The special appearance hearing conducted by the trial court here was nonevidentiary in the sense that no witnesses testified and no evidence was introduced at the hearing; counsel made Power Point presentations to the trial court.5 All parties relied on affidavits, exhibits, and deposition excerpts attached to their special appearances or responses. The trial court made no findings of fact or conclusions of law. On our own motion, we requested supplemental briefing from the parties on the issue of whether the nonevidentiary nature of the special appearance hearing in the trial court altered our standard of review in any way. We questioned how we could review a trial court's implied findings of fact for legal or factual sufficiency when no evidence was offered or introduced before the trial court at the special appearance hearing and the affidavits, exhibits, and deposition excerpts filed by the parties contained factual conflicts. That is, if in order to decide the special appearances, the trial court merely reviewed affidavits, exhibits, and deposition excerpts filed with it and made no credibility determinations, then we are in the same position as the trial court and implying all facts supported by the evidence in favor of the trial court's ruling seems inappropriate. See Villagomez v. Rockwood Specialties, Inc., 210 S.W.3d 720, 726–27 (Tex.App.-Corpus Christi 2006, pet. denied) (expressing similar concerns).
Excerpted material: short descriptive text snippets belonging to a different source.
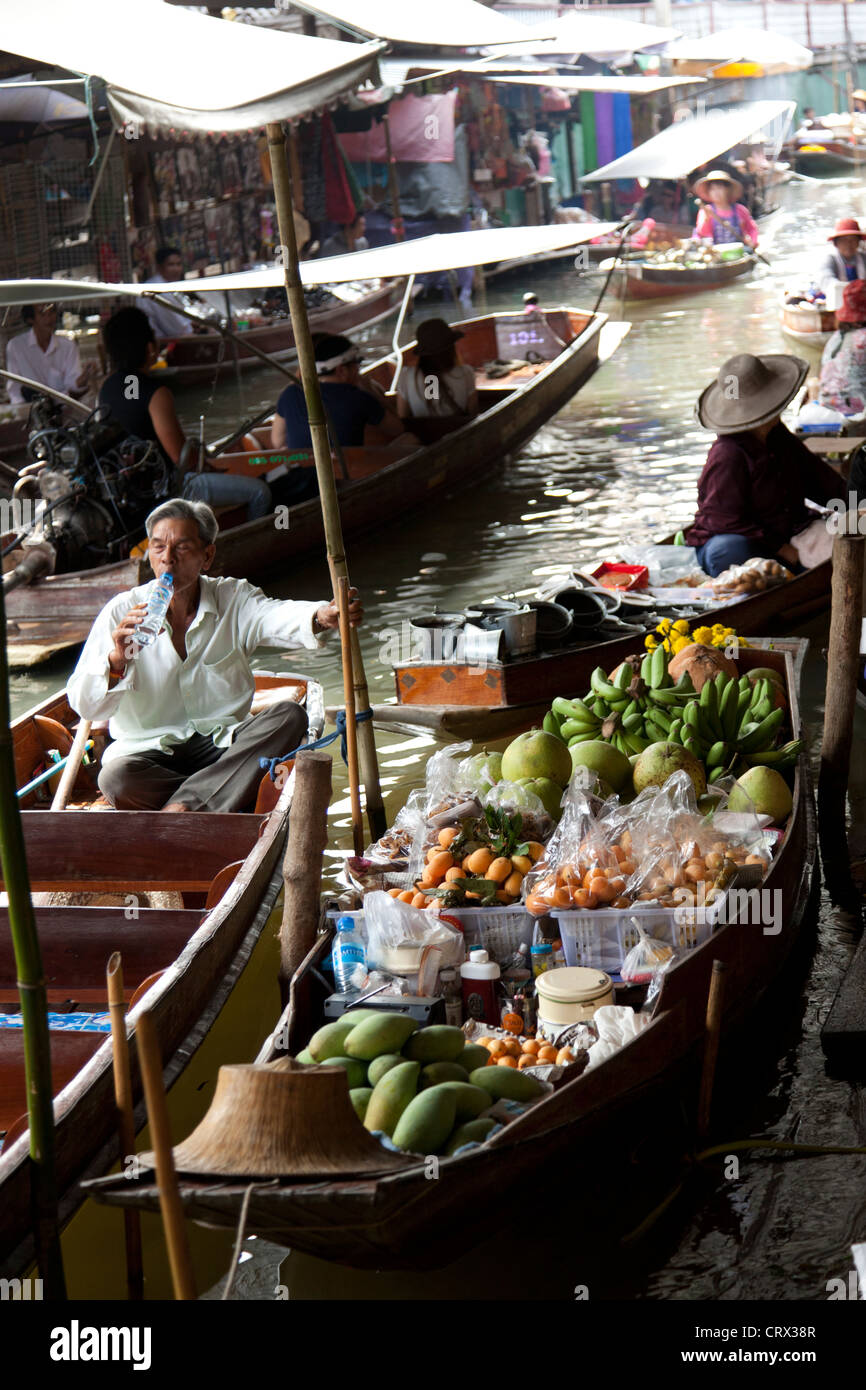 The Damnoen Saduak floating market, a major tourist destination in Thailand. Le marché flottant de Damnoen Saduak en Thaïlande. Stock Photo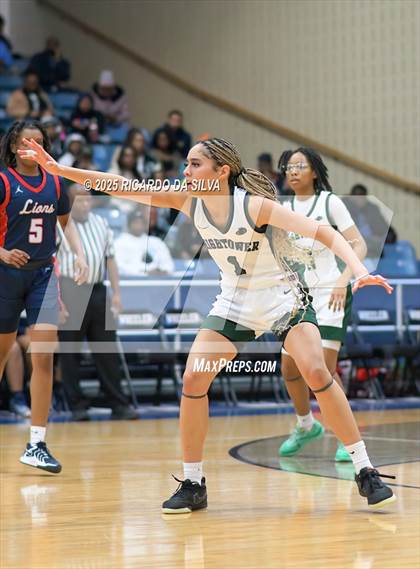 Thumbnail 2 in Alief Taylor vs. Fort Bend Hightower (UIL 6A D2 Basketball Regional Final) photogallery.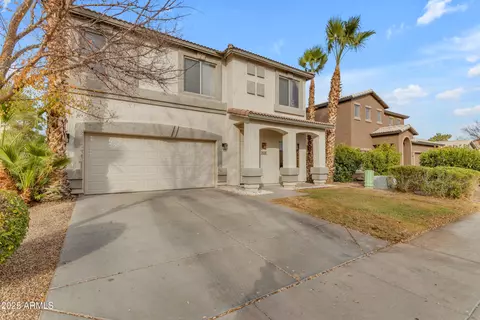 438 E Palomino Way, San Tan Valley, AZ 85143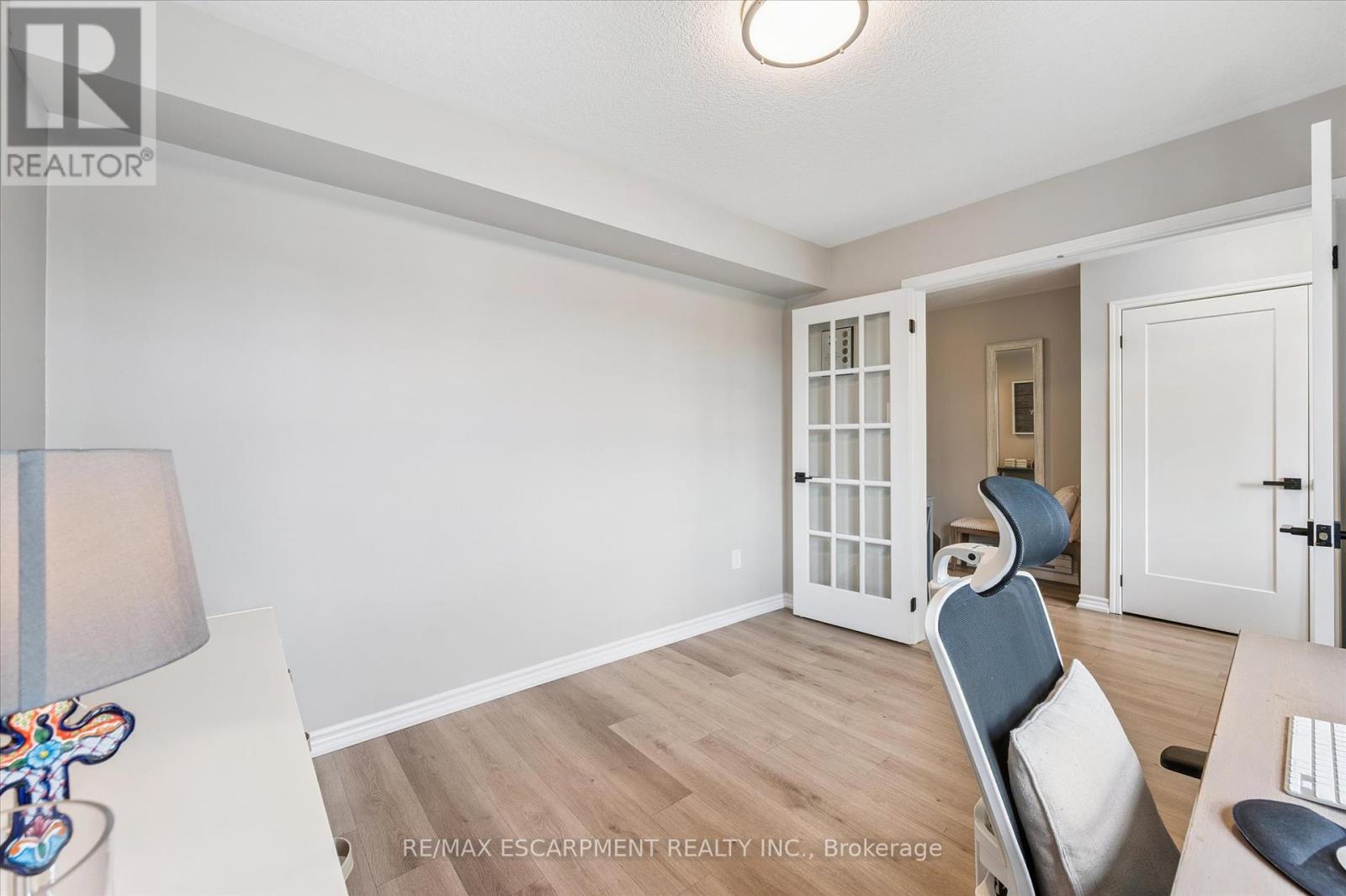 Photo 9 of 80 22 Spring Creek Drive, Hamilton ON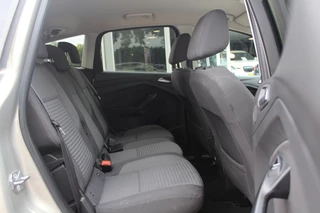 Ford C-MAX Ford C-MAX 1.0 Titanium / Trekhaak / Navigatie / Parkeerhulp V+A / 17'' / Stuur + Stoelverwarming / Elektr. achterklep / Getint glas / Cruise Control - afbeelding nr 12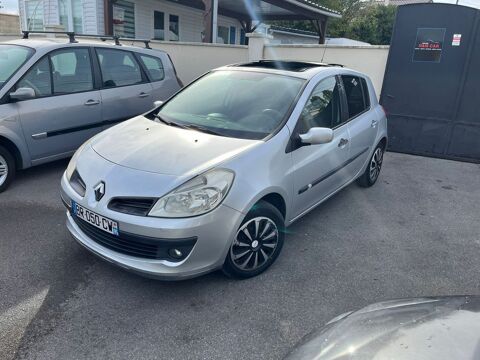 Renault clio iii Clio 1.4 16V 100 Expression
The parties filed supplemental briefs addressing our standard-of-review concerns, and based on the supplemental briefing, we conclude that although the special appearance hearing was nonevidentiary and despite our concerns, we must nonetheless defer to all implied findings of fact that support the trial court's grant of Appellees' special appearances so long as legally and factually sufficient evidence—i.e., factual statements set forth in the affidavits, exhibits, and deposition excerpts filed with the trial court—exists supporting them.6

IV. The Law Concerning Personal Jurisdiction

Texas courts may assert in personam jurisdiction over a nonresident if (1) the Texas long-arm statute authorizes the exercise of jurisdiction, and (2) the exercise of jurisdiction is consistent with federal and state constitutional due-process guarantees. Moki Mac River Expeditions, 221 S.W.3d at 574.
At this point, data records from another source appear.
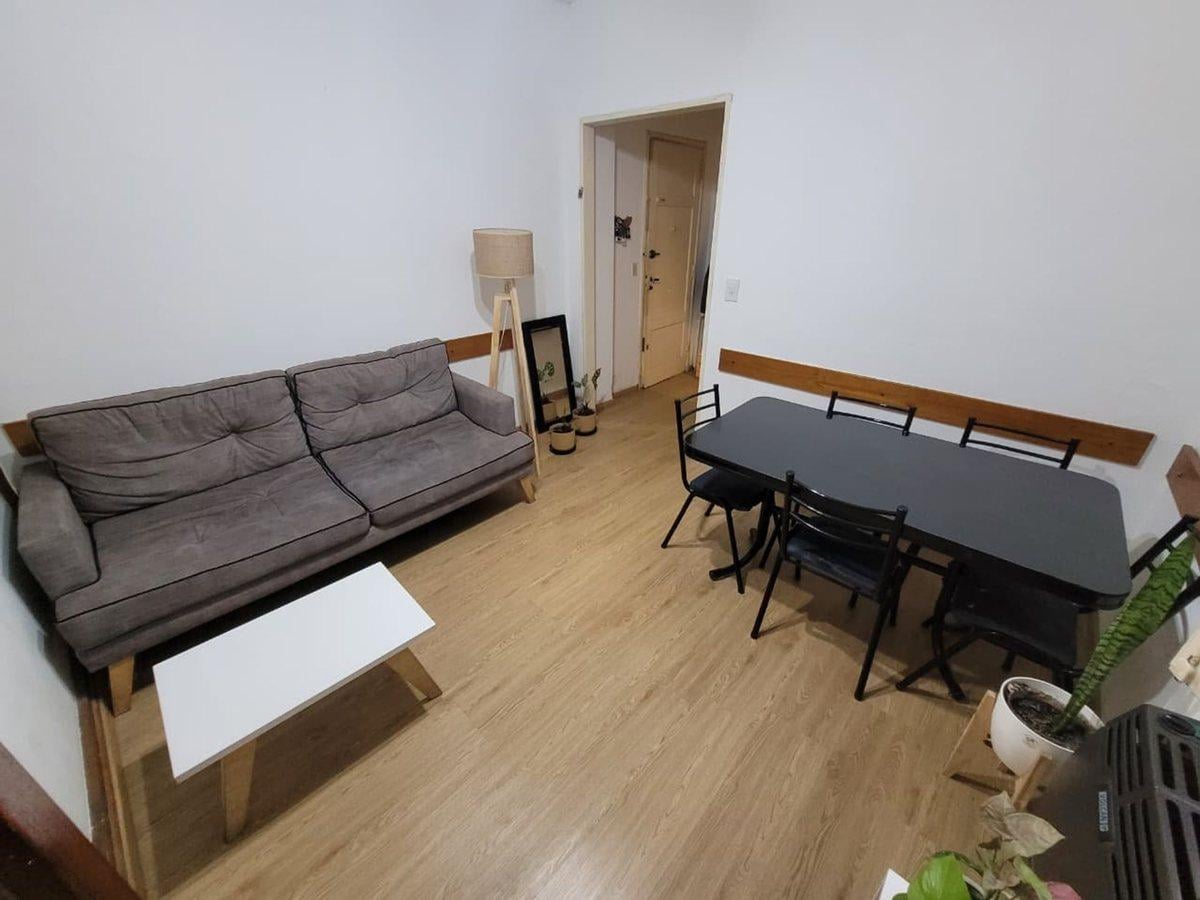 Foto de VENTA DPTO 2 AMBIENTES C/ ESCRITORIO. SAN NICOLAS, imagen 2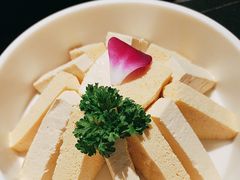 -额尔敦传统涮(公园西路店)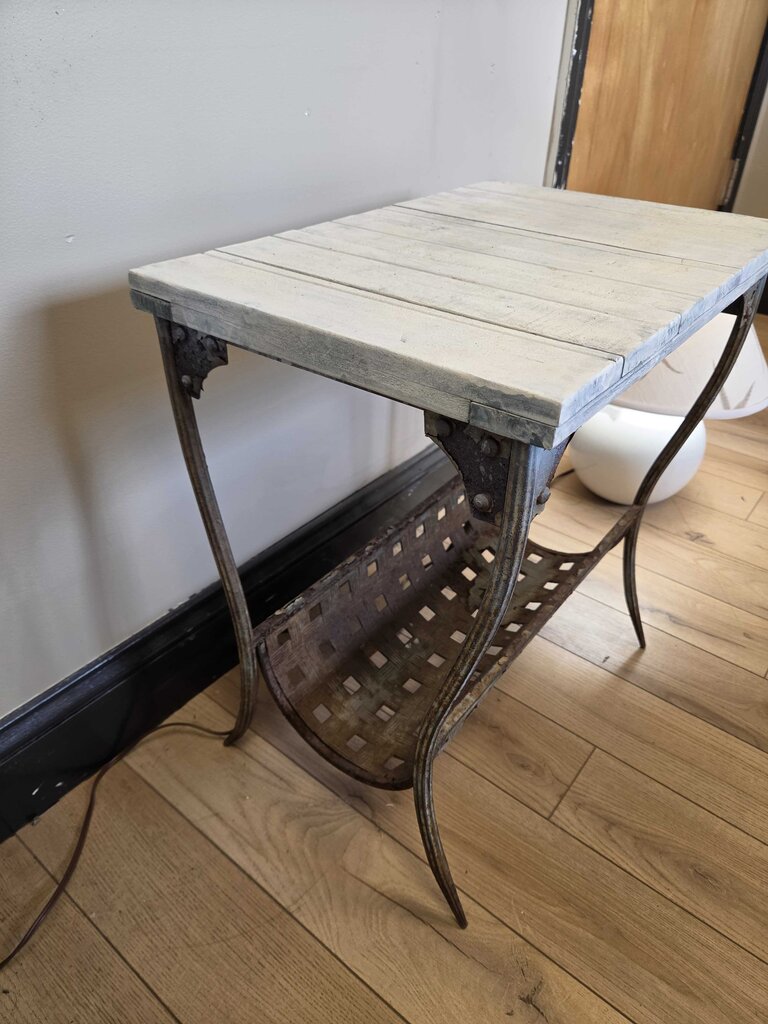 Distressed Wood Top End Table with Iron Magazine Rack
A. Personal Jurisdiction Under the Texas Long–Arm Statute

The Texas long-arm statute sets out a nonexclusive list of activities that constitute doing business in Texas. See Tex. Civ. Prac. & Rem.Code Ann. § 17.042 (Vernon 2008); PHC–Minden, L.P. v. Kimberly–Clark Corp., 235 S.W.3d 163, 166 (Tex.2007); Guardian Royal Exch. Assurance, Ltd. v. English China Clays, P.L.C., 815 S.W.2d 223, 226 (Tex.1991). The broad language of section 17.042 extends Texas courts' personal jurisdiction “as far as the federal constitutional requirements of due process will permit.” PHC–Minden, L.P., 235 S.W.3d at 166; Moki Mac River Expeditions, 221 S.W.3d at 575.
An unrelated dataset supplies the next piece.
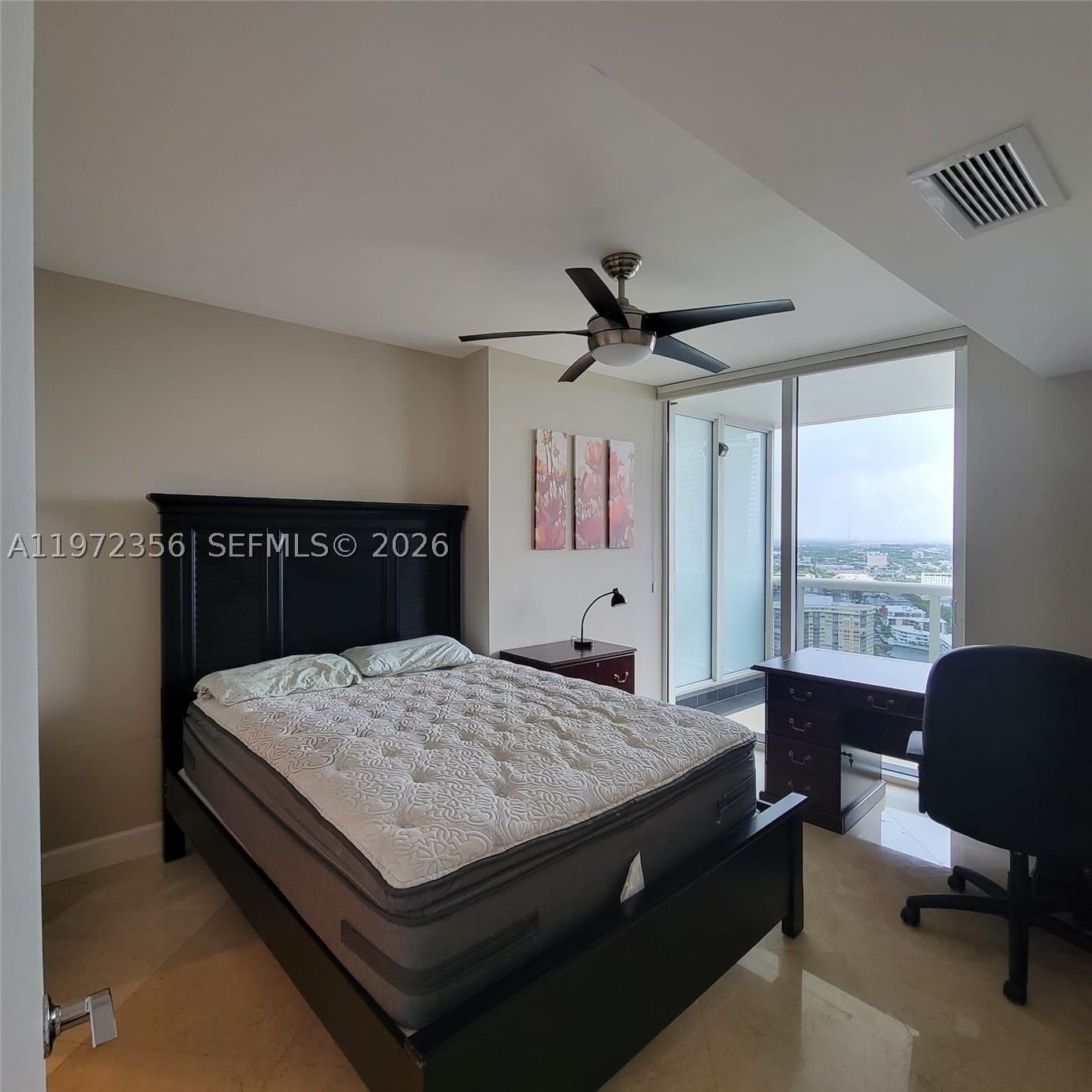 Real estate property located at 1850 Ocean Dr #3007, Broward, Beach Club Condo, Hallandale Beach, FL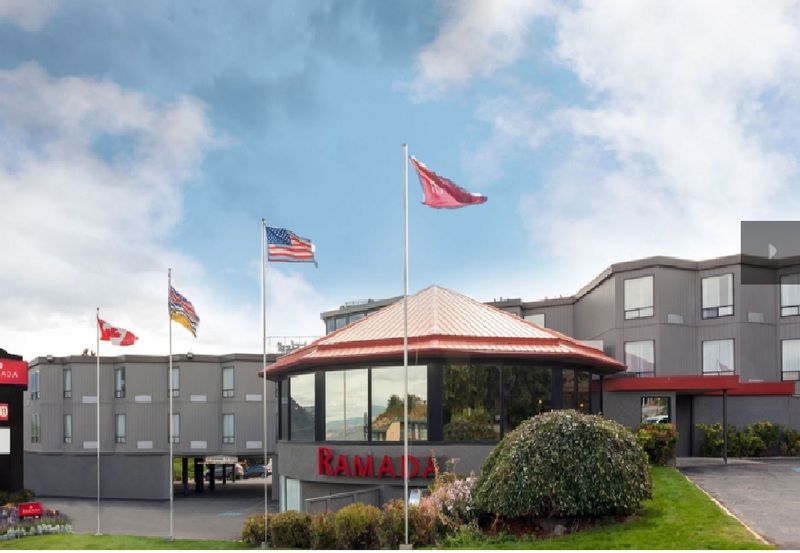 Hotel Ramada By Wyndham Kamloops Extérieur photo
B. The Limits of Personal Jurisdiction Under the Guarantees of Due Process

In addition to the long-arm statute, the exercise of in personam jurisdiction over a nonresident defendant must satisfy federal due process requirements. See Int'l Shoe Co. v. Washington, 326 U.S. 310, 316, 66 S.Ct. 154, 158, 90 L.Ed. 95 (1945); PHC–Minden L.P., 235 S.W.3d at 166; Moki Mac River Expeditions, 221 S.W.3d at 575. The exercise of personal jurisdiction over a nonresident defendant satisfies the due process requirements of the Fourteenth Amendment only when (a) the nonresident defendant has established minimum contacts with the forum state and (b) the exercise of jurisdiction...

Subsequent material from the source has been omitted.